Anche se il loro stile di vita comportava difetti, Confucio nota che gli individui erano ancora obbligati a seguire la loro strada mentre facevano del loro meglio per eliminare i difetti. In Analects 4.18, Confucio dice:

"Nel servire i tuoi genitori, puoi leggermente protestare [se i tuoi genitori si allontanano dal modo virtuoso]. Ma anche se i tuoi genitori sono intenzionati a non seguire il tuo consiglio, dovresti comunque rimanere rispettoso e non allontanarti da loro ".

Sviluppare una comprensione del dolore

Quindi, come si applicano oggi a noi gli apparenti approcci taoisti e confuciani al dolore?

Dal mio punto di vista, entrambe le visualizzazioni sono utili. Zhuangzi non elimina il dolore, ma offre una via d'uscita. La risposta taoista potrebbe aiutare le persone a trovare la pace della mente coltivando la capacità di vedere la morte dei propri cari da una prospettiva più ampia.

La risposta confuciana potrebbe sfidare ipotesi che svalutano il dolore. Ci offre un modo per trovare significato nel nostro dolore. Rivela le nostre influenze comunitarie, mette alla prova i nostri impegni e ci concentra sui modi in cui rappresentiamo e portiamo avanti coloro che ci hanno influenzato e ci hanno preceduto.

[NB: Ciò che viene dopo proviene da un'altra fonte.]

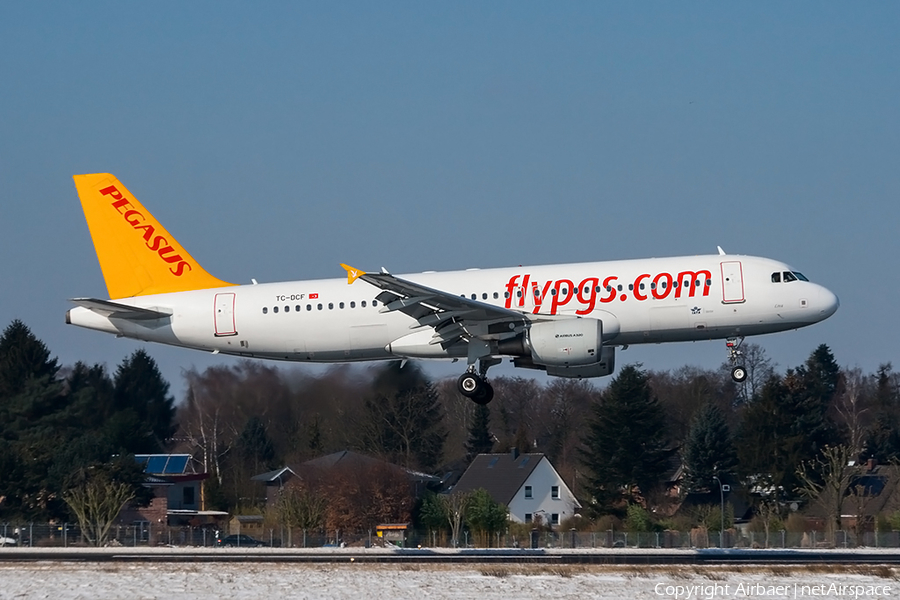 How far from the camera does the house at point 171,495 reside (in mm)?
69875

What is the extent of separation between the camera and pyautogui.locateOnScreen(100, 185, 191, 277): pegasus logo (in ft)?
140

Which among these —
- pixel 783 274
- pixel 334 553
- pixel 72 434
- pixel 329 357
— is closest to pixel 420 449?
pixel 72 434

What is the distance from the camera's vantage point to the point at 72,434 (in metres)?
71.9

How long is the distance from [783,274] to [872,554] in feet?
42.4

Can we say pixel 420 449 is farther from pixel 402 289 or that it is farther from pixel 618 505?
pixel 402 289

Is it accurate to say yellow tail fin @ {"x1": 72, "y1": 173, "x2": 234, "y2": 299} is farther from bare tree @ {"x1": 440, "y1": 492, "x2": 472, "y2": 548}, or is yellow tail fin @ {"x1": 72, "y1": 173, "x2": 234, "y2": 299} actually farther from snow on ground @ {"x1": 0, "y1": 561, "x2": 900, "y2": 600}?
bare tree @ {"x1": 440, "y1": 492, "x2": 472, "y2": 548}

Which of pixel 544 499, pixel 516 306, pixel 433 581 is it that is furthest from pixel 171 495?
pixel 433 581

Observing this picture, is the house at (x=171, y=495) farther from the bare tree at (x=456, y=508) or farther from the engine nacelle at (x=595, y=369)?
the engine nacelle at (x=595, y=369)

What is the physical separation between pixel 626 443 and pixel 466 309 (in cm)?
4321

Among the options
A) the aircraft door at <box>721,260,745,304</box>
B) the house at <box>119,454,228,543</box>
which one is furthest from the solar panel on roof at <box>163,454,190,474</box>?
the aircraft door at <box>721,260,745,304</box>

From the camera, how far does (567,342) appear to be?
122 ft

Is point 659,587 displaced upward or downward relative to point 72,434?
downward

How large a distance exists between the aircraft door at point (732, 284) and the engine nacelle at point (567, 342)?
13.3 feet

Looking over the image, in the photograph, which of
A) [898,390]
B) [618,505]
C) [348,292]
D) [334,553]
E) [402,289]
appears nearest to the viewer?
[402,289] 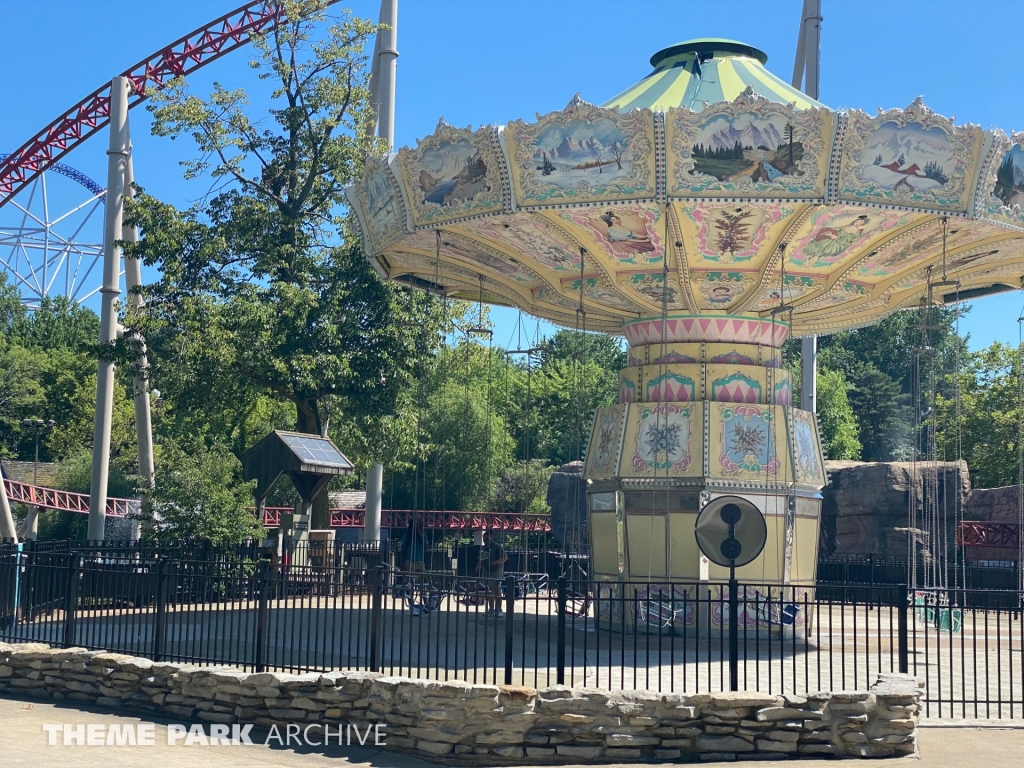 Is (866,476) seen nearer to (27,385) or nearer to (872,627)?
(872,627)

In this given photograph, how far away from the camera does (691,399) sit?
1956cm

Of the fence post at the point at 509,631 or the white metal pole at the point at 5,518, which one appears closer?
the fence post at the point at 509,631

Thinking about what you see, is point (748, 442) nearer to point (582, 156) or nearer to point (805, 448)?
point (805, 448)

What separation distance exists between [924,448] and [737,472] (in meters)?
48.0

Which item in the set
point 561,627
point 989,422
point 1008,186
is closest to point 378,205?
point 561,627

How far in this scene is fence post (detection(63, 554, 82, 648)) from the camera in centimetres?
1369

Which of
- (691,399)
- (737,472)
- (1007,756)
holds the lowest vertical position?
(1007,756)

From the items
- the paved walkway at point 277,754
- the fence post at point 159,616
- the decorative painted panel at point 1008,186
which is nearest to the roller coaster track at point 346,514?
the decorative painted panel at point 1008,186

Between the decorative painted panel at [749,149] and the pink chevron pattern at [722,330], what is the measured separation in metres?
4.62

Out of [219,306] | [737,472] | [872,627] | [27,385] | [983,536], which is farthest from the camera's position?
[27,385]

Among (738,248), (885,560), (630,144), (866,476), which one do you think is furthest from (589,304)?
(866,476)

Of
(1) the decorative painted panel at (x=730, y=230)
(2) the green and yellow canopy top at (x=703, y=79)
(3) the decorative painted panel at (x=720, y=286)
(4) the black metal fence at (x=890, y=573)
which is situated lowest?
(4) the black metal fence at (x=890, y=573)

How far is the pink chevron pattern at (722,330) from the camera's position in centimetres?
1975

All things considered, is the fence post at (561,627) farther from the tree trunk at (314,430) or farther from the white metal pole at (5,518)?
the tree trunk at (314,430) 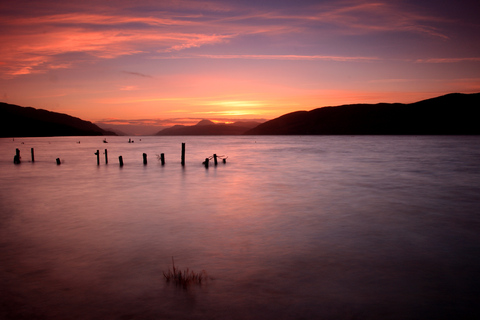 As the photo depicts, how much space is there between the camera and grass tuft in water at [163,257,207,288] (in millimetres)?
6610

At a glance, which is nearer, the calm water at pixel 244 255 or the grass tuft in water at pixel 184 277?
the calm water at pixel 244 255

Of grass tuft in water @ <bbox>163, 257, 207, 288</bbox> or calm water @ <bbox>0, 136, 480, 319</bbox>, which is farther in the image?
grass tuft in water @ <bbox>163, 257, 207, 288</bbox>

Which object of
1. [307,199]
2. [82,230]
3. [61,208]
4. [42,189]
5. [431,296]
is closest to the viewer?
[431,296]

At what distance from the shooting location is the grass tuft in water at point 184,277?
661 cm

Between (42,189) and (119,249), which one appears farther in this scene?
(42,189)

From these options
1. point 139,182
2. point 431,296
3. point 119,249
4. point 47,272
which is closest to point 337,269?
point 431,296

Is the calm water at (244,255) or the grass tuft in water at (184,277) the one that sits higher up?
the grass tuft in water at (184,277)

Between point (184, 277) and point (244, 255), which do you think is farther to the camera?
point (244, 255)

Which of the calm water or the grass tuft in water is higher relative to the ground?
the grass tuft in water

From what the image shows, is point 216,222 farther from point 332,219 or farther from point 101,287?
point 101,287

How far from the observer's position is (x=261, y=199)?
55.6 ft

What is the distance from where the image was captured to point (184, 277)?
6.82 metres

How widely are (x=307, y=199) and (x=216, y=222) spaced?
20.9 ft

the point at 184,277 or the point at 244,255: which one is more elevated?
the point at 184,277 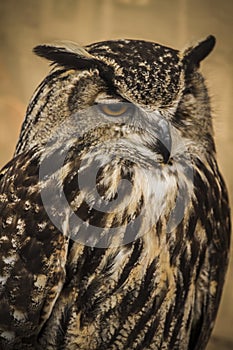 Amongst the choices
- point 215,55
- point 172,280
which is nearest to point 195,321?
point 172,280

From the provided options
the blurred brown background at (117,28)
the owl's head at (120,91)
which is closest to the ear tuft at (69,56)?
the owl's head at (120,91)

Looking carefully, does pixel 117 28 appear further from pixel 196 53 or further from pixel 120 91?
pixel 120 91

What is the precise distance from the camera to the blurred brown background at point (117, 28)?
1.58 metres

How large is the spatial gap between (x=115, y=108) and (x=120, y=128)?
4cm

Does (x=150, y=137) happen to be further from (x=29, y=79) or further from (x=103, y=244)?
(x=29, y=79)

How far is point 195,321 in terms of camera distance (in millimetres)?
1303

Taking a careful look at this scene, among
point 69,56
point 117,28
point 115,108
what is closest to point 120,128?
point 115,108

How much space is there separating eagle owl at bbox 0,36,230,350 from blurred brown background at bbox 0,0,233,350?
1.12ft

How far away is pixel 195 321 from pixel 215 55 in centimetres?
62

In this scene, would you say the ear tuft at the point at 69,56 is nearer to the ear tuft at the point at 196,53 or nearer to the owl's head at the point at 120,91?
the owl's head at the point at 120,91

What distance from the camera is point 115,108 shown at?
1142mm

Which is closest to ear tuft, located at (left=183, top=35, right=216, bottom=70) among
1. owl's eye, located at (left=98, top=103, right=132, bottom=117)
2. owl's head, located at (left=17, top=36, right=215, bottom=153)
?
owl's head, located at (left=17, top=36, right=215, bottom=153)

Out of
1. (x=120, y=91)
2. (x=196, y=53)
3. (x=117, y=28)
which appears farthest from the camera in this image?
(x=117, y=28)

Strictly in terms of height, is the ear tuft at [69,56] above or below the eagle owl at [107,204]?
above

The ConversationIn definitiva, entrambi i filosofi ci aiutano a capire che il dolore duraturo è una parte necessaria del processo di diventare una persona pienamente prospera. Non è qualcosa che dovremmo cercare di eliminare, ma piuttosto qualcosa che dovremmo apprezzare o addirittura essere grati.

Circa l'autore

Alexus McLeod, professore associato di filosofia e studi asiatici / asiatici americani, Università del Connecticut

Questo articolo è stato pubblicato in origine The Conversation. Leggi il articolo originale.